Oktober 22, 2020

Kunker Menhan ke Perancis ternyata ada misi ingin membeli pesawat tempur dan kapal selam

kabarmandala.com — Menteri Pertahanan (Menhan) Prabowo Subianto belakangan ini menjadi sorotan lantaran sering melakukan kunjungan kerja (kunker) ke luar negeri. Salah satu yang menyoroti seringnya Ketua Umum Partai Gerindra tersebut ke luar negeri adalah Partai Keadilan Sejahtera (PKS). Namun rupanya berbagai kunker Prabowo ke luar negeri ini demi meningkatkan pertahanan di Indonesia. Hal ini diketahui dalam lawatan Prabowo ke Perancis pada 11 hingga 13 Januari lalu.

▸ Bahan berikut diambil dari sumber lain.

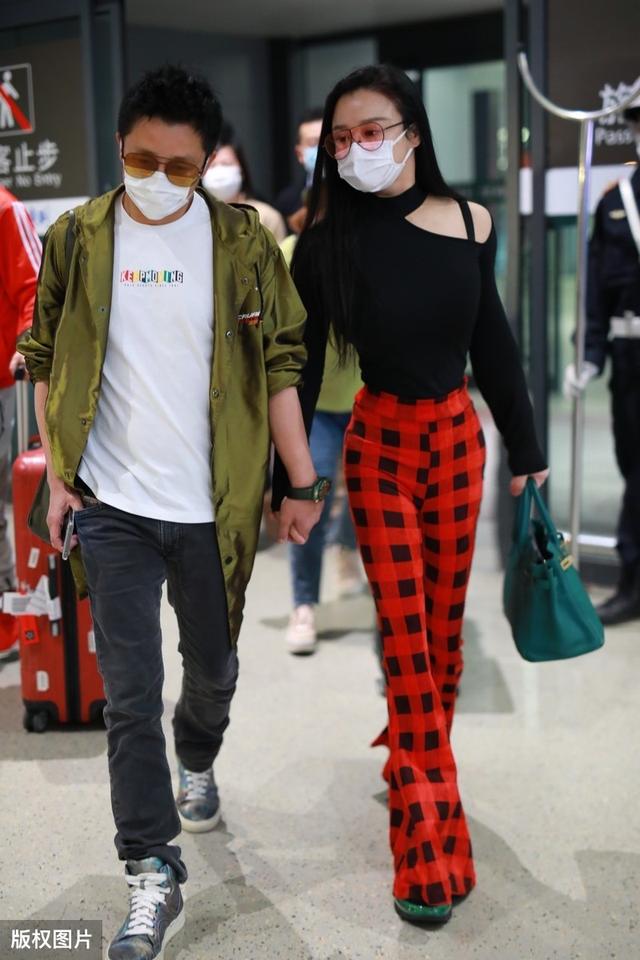 拳王邹市明现身机场,冉莹颖真会穿!网友:裤子自带马赛克?
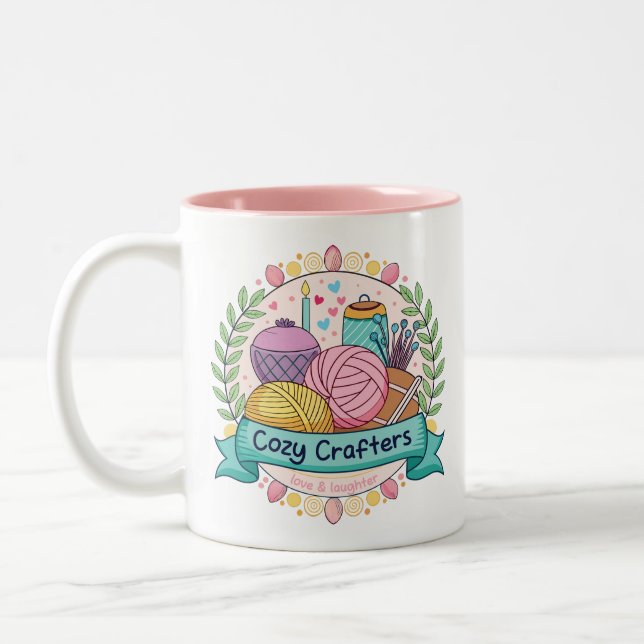 Cosy Crafters Club Zweifarbige Tasse (Links)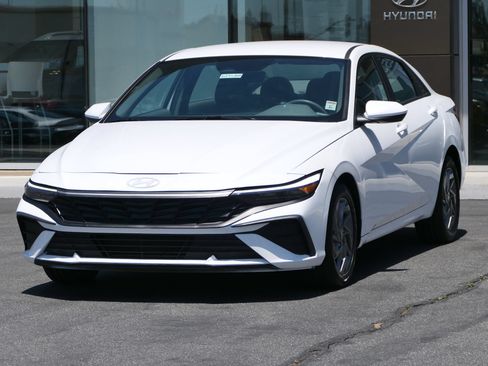 Certified 2024 Hyundai Elantra SEL FWD image 7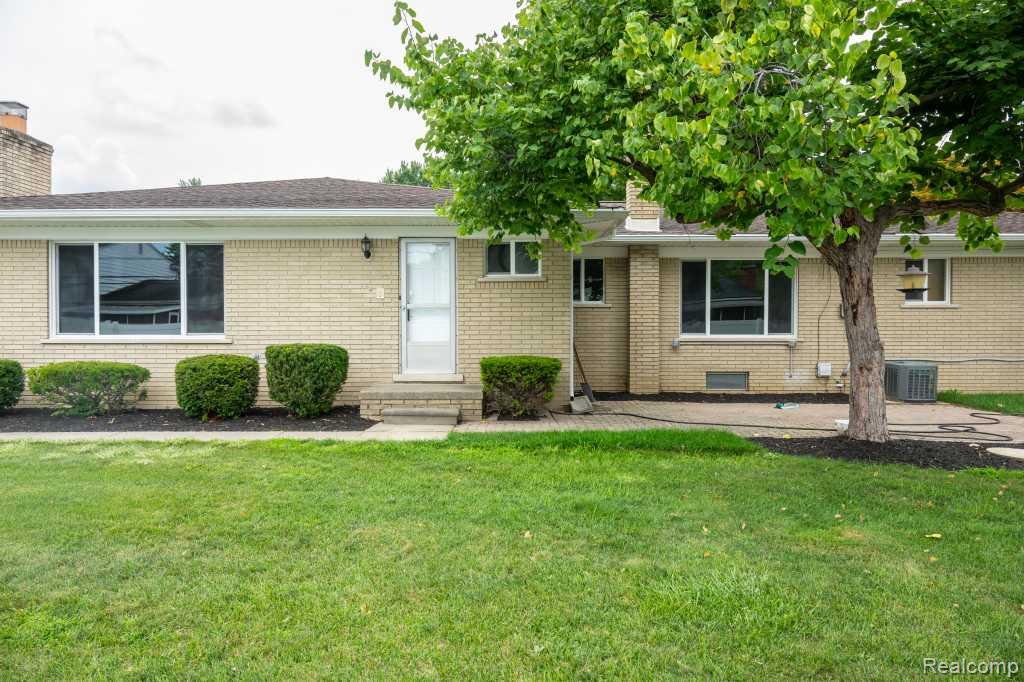 main property photo 14
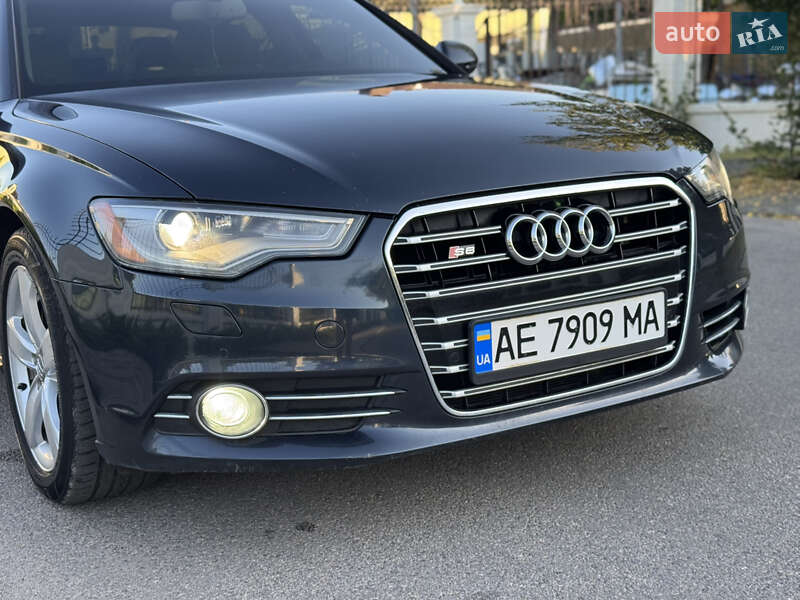 Седан Audi A6 2012 в Виннице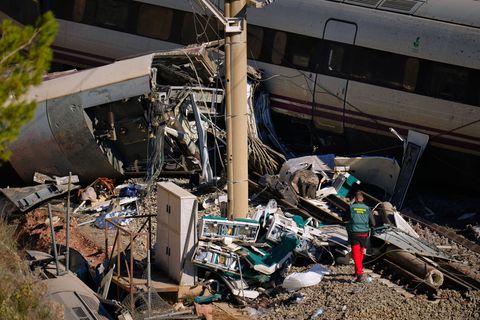 Eine Sechsjährige hat als einzige ihrer Familie das schwere Zugunglück in Spanien überlebt. Ihre Eltern, ein Bruder und ein Cous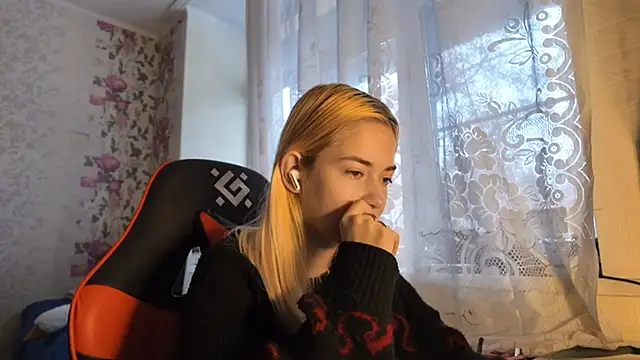 Witching Moon online show from November 2025 07:58:01 AM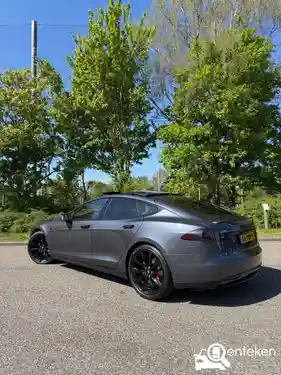 Tesla Model S P85D 2015
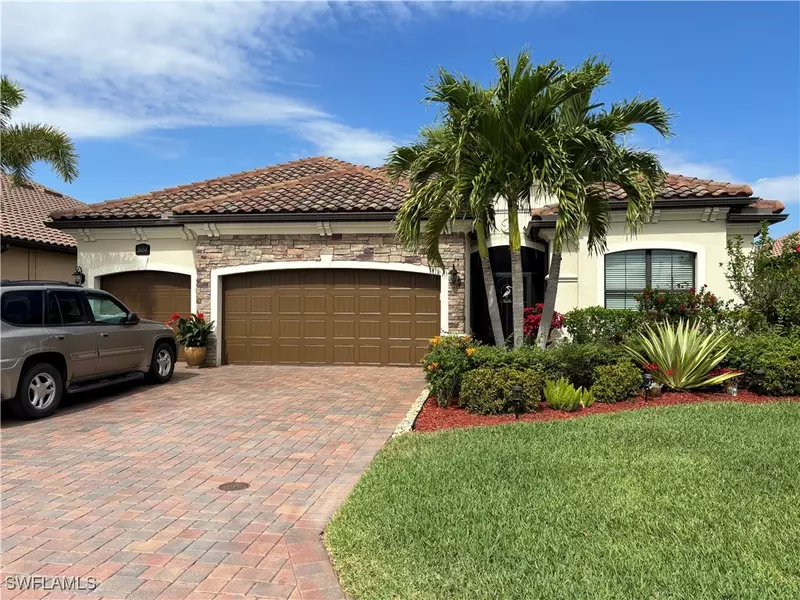 28058 Kerry CT, Bonita Springs, FL 34135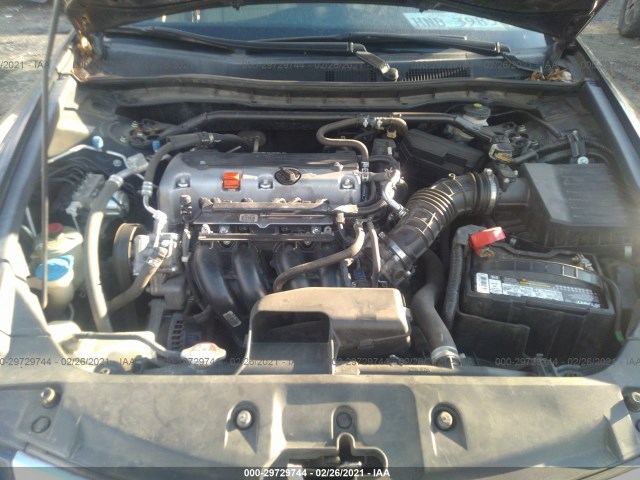 Photo 9 VIN: 1HGCP2F83BA110928 - HONDA ACCORD SDN 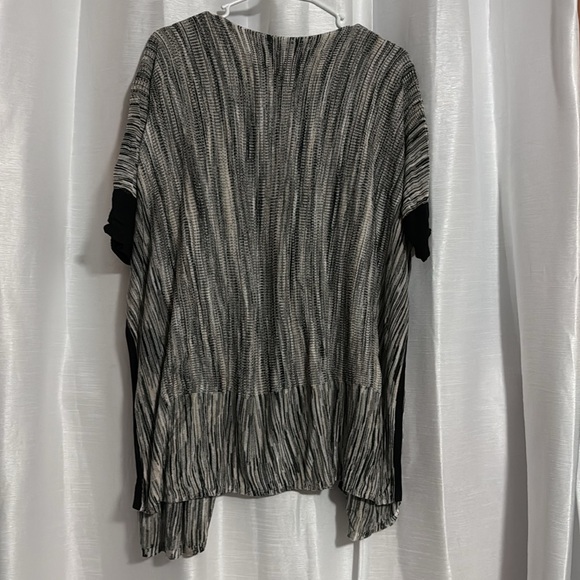 MarlaWynne Cardigan - Picture 2 of 3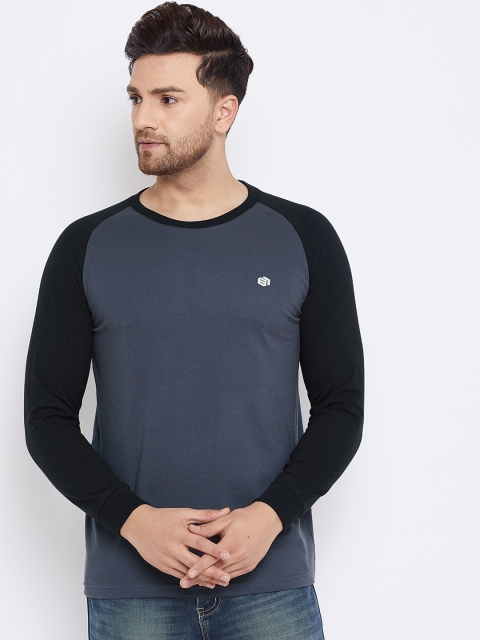 

Bishop Cotton Men Grey Colourblocked Round Neck T-shirt
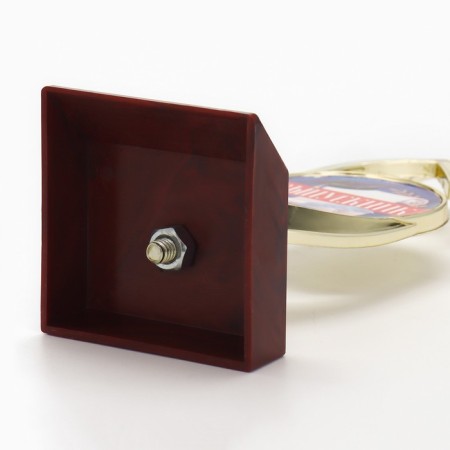 The figure on the graduation "graduate", gold, red stand, 18 x 6 x 6.5 cm.-5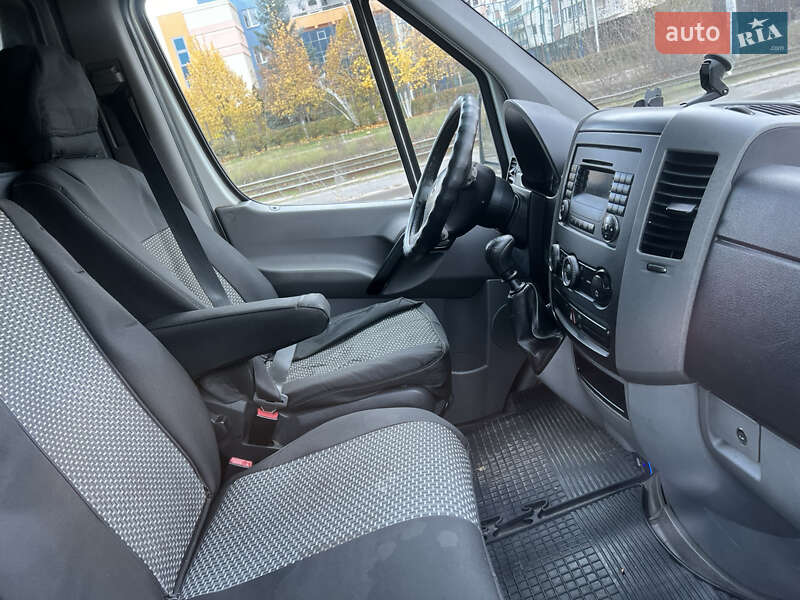 Другие грузовики Mercedes-Benz Sprinter 2007 в Киеве фото 3 Другие грузовики Mercedes-Benz Sprinter 2007 в Киеве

Pemerintah Indonesia melalui Prabowo telah menyatakan ketertarikannya untuk membeli 48 jet tempur Dassault Rafale dan empat kapal selam Scorpene buatan Prancis. Ketertarikan Indonesia ini muncul setelah pemerintah dikabarkan akan mengakhiri kontrak pembelian kapal selam dengan Daewoo Shipbuilding & Marine Engineering (DSME) setelah menghadapi sejumlah masalah teknis.

Prabowo begitu tertarik untuk membeli jet tempur Dassault Rafale lantaran pesawat ini mampu berpangkalan di daratan maupun kapal induk. Selain itu, jet tempur ini juga memiliki kestabilan terbang yang lebih baik dan dapat bermanuver hingga 11 G dalam keadaan darurat, dengan laju kecepatan pendaratan hingga 115 knot.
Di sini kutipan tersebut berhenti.